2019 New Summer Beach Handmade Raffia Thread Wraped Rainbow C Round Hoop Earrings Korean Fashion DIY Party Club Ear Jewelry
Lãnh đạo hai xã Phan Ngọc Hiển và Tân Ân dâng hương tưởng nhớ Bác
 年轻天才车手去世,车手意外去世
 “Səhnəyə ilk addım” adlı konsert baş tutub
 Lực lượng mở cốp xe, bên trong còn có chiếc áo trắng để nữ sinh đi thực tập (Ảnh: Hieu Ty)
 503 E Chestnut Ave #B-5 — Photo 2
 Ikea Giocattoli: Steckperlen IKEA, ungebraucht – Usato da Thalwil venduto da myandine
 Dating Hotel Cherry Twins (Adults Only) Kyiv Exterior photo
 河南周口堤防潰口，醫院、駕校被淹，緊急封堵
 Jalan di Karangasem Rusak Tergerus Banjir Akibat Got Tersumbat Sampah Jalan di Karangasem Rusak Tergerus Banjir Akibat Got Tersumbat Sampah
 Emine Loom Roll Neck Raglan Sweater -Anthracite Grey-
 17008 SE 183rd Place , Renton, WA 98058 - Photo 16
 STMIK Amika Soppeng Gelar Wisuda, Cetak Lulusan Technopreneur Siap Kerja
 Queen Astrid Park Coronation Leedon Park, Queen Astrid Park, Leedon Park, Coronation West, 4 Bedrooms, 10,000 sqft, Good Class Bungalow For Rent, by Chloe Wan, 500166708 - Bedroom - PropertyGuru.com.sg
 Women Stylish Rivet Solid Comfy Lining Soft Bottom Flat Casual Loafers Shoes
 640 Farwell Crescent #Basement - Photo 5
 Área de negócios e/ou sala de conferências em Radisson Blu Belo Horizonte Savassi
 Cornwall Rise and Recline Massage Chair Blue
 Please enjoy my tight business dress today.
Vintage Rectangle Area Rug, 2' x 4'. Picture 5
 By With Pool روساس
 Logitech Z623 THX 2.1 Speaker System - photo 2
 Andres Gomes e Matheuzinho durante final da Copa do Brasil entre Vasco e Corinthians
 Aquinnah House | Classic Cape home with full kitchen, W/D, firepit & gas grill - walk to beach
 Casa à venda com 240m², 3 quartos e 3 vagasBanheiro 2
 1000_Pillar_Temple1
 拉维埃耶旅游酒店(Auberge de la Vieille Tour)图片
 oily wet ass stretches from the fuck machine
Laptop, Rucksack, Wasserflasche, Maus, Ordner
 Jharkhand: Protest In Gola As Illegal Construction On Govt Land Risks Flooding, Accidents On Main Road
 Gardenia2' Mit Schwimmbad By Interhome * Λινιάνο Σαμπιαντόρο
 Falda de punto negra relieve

# # # #

_Exercise details_. The complete material must be repeated exactly.

_Solution to this task_.
2019 New Summer Beach Handmade Raffia Thread Wraped Rainbow C Round Hoop Earrings Korean Fashion DIY Party Club Ear Jewelry
Lãnh đạo hai xã Phan Ngọc Hiển và Tân Ân dâng hương tưởng nhớ Bác
 年轻天才车手去世,车手意外去世
 “Səhnəyə ilk addım” adlı konsert baş tutub
 Lực lượng mở cốp xe, bên trong còn có chiếc áo trắng để nữ sinh đi thực tập (Ảnh: Hieu Ty)
 503 E Chestnut Ave #B-5 — Photo 2
 Ikea Giocattoli: Steckperlen IKEA, ungebraucht – Usato da Thalwil venduto da myandine
 Dating Hotel Cherry Twins (Adults Only) Kyiv Exterior photo
 河南周口堤防潰口，醫院、駕校被淹，緊急封堵
 Jalan di Karangasem Rusak Tergerus Banjir Akibat Got Tersumbat Sampah Jalan di Karangasem Rusak Tergerus Banjir Akibat Got Tersumbat Sampah
 Emine Loom Roll Neck Raglan Sweater -Anthracite Grey-
 17008 SE 183rd Place , Renton, WA 98058 - Photo 16
 STMIK Amika Soppeng Gelar Wisuda, Cetak Lulusan Technopreneur Siap Kerja
 Queen Astrid Park Coronation Leedon Park, Queen Astrid Park, Leedon Park, Coronation West, 4 Bedrooms, 10,000 sqft, Good Class Bungalow For Rent, by Chloe Wan, 500166708 - Bedroom - PropertyGuru.com.sg
 Women Stylish Rivet Solid Comfy Lining Soft Bottom Flat Casual Loafers Shoes
 640 Farwell Crescent #Basement - Photo 5
 Área de negócios e/ou sala de conferências em Radisson Blu Belo Horizonte Savassi
 Cornwall Rise and Recline Massage Chair Blue
 Please enjoy my tight business dress today.
Vintage Rectangle Area Rug, 2' x 4'. Picture 5
 By With Pool روساس
 Logitech Z623 THX 2.1 Speaker System - photo 2
 Andres Gomes e Matheuzinho durante final da Copa do Brasil entre Vasco e Corinthians
 Aquinnah House | Classic Cape home with full kitchen, W/D, firepit & gas grill - walk to beach
 Casa à venda com 240m², 3 quartos e 3 vagasBanheiro 2
 1000_Pillar_Temple1
 拉维埃耶旅游酒店(Auberge de la Vieille Tour)图片
 oily wet ass stretches from the fuck machine
Laptop, Rucksack, Wasserflasche, Maus, Ordner
 Jharkhand: Protest In Gola As Illegal Construction On Govt Land Risks Flooding, Accidents On Main Road
 Gardenia2' Mit Schwimmbad By Interhome * Λινιάνο Σαμπιαντόρο
 Falda de punto negra relieve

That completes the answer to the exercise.